Knowing how to issue shares is crucial if you want your business to grow.
When you require a cash injection to increase your business operations, start a new project, or protect your market share, you might need more funds than your retained earnings.
Your company then has two options – take on debt or raise more capital.
Taking on more debt is simpler, as you simply require a reasonable expectation of a steady cash flow to cover the interest payments.
However, if your company is already highly geared (high debt to shareholders’ equity ratio), increasing the debt will also increase your company’s risk towards the investors and result in a share price drop.
Keep reading if you want to learn more about how your company can issue corporate shares.
As a company owner, you can choose to issue a corporate share through either a share issue or a share transfer.
What are they? Let’s go through it.
A share issue involves dividing the company’s ownership into shares and distributing them to new investors, employees or existing shareholders. Whether you own a public or a private company, you can issue any number of shares, provided you issue a share certificate to each new shareholder.
You would also need to keep a register containing the details of each shareholder in your company.
On the other hand, a share transfer is similar to a share issue but moves existing shares from one shareholder to another.
Here is an example:
There are two shareholders in ABC Pty Ltd (not a real company), Sally and Amy. Each owns 100 shares in the company. The total share capital is 200, and each owns 50% of the company.

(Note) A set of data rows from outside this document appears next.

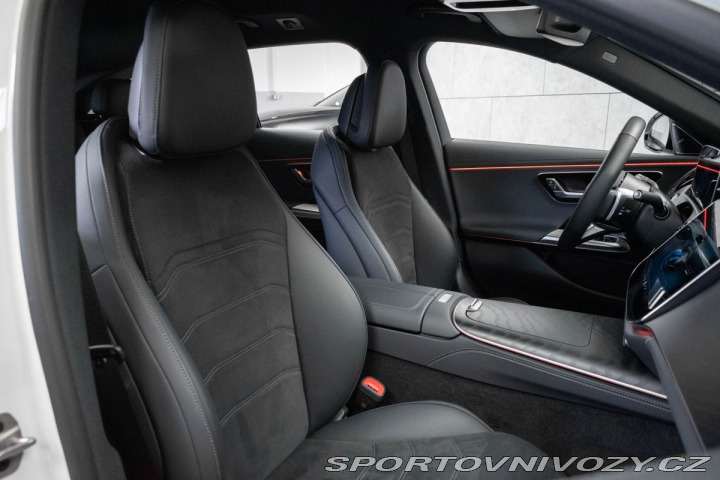 Mercedes-Benz E AIR AMG*TAŽNÉ*ZÁRUKA 2029 2024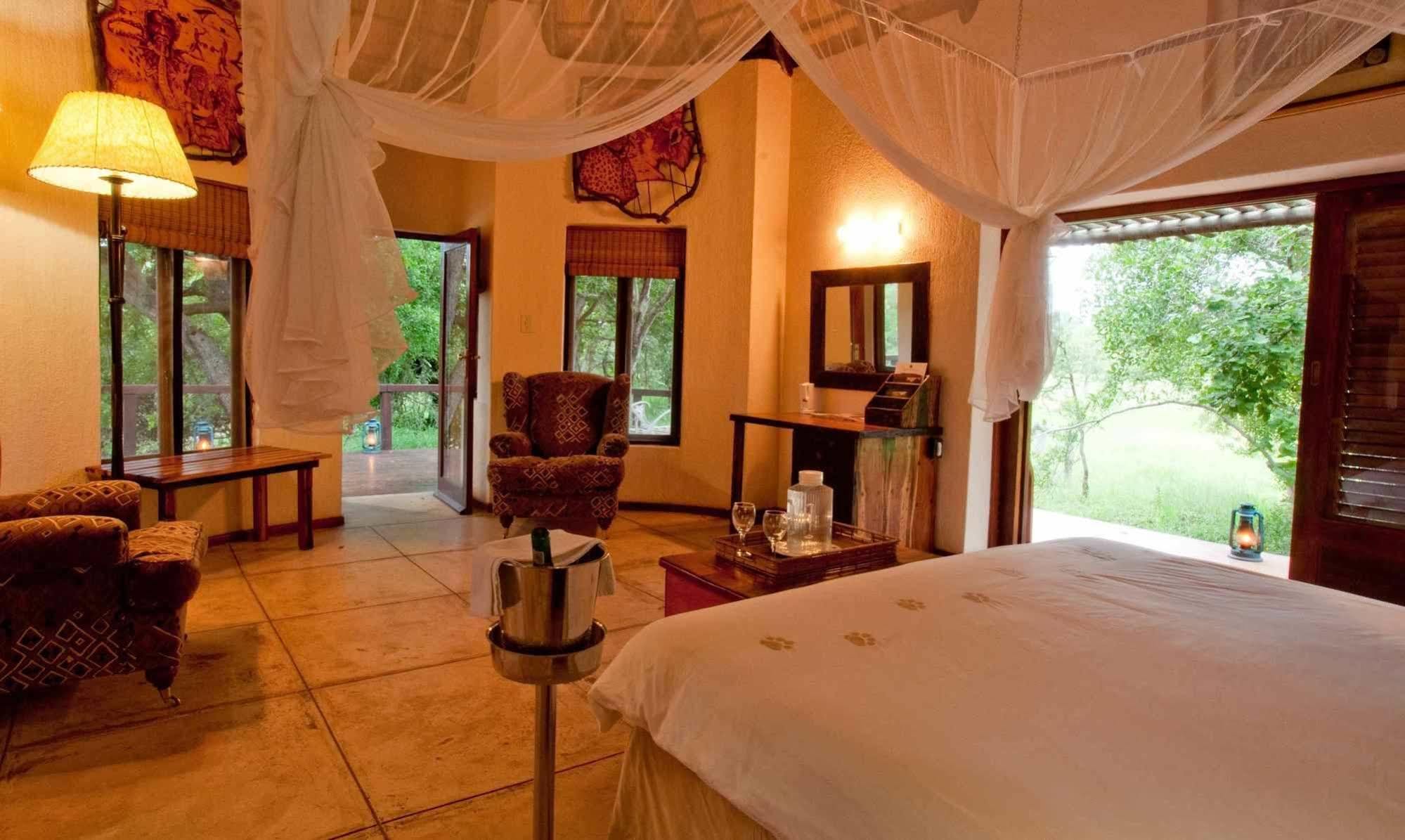 Monwana Hotel Hoedspruit Luaran gambar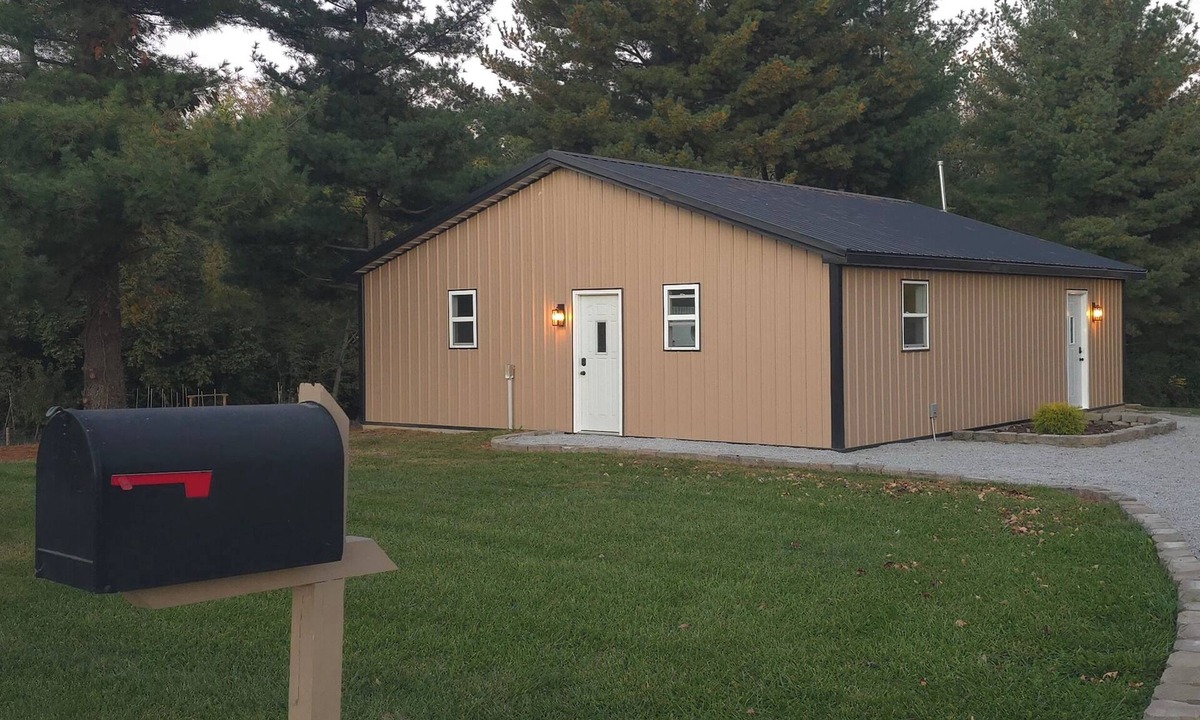 Casey House | Evergreen Edge - 1 mile from town!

The example below will show you what will happen if a new shareholder joins the company through a share transfer and share issue:
1. Share Issue
- Share Sale and Purchase – A new shareholder (Kim) purchases 100 new shares at $10 per share
- Outcome – Sally, Amy and Kim will each have 100 shares with a total of 300 shares in the company. This means they have 33.33% in ABC Pty Ltd.
- Value – ABC Pty Ltd receives $1,000 from Kim
2. Share Transfer
- Share Sale and Purchase – Sally sells 20 of her shares to Kim for $10 per share
- Outcome – There are three shareholders
- Amy – 100 shares and 50% of the company
- Sally – 80 shares and 40% of the company
- Kim – 20 shares and 10% of the company
- Value – Sally receives $200 from Kim for her 20 shares
Further compliance requirements are similar to the requirements for share issuance for private companies. As a public company owner, there are various types of share issues that you can participate in.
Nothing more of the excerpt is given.